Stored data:
################
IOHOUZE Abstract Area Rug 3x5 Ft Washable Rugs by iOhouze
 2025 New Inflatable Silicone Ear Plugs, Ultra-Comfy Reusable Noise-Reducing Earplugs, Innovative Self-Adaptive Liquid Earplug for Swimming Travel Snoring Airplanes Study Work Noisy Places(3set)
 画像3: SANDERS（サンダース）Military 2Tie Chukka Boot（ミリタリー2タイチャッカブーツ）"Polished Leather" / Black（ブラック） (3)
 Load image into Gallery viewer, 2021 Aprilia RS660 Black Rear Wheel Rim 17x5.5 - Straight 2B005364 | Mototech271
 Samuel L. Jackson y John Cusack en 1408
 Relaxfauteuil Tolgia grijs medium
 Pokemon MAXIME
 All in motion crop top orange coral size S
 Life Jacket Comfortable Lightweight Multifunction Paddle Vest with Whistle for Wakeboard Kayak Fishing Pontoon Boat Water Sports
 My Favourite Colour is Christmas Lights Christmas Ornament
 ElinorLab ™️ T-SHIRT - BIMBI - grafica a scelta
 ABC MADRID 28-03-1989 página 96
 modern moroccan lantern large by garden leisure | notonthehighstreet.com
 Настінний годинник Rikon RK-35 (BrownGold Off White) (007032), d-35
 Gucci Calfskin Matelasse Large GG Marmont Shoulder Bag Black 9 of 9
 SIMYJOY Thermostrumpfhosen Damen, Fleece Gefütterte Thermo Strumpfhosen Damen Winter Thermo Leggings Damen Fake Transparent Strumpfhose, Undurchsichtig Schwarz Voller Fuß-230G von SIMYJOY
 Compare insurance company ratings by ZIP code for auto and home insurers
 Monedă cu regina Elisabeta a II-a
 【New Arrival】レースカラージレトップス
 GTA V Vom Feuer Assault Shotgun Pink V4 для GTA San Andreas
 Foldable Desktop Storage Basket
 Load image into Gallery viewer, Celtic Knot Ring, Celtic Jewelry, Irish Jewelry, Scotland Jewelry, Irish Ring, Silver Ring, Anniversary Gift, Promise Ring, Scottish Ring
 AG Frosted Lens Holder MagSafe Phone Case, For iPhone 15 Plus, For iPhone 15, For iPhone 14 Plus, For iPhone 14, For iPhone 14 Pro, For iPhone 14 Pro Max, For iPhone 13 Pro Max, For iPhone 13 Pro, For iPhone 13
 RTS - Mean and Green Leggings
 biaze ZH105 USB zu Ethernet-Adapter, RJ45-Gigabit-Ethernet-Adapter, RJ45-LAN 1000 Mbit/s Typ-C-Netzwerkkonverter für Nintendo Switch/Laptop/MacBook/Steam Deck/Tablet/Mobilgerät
################
◆ What is being asked
Pull out all lines of the data with the string "Leggings".

◆ Answer
 SIMYJOY Thermostrumpfhosen Damen, Fleece Gefütterte Thermo Strumpfhosen Damen Winter Thermo Leggings Damen Fake Transparent Strumpfhose, Undurchsichtig Schwarz Voller Fuß-230G von SIMYJOY
 RTS - Mean and Green Leggings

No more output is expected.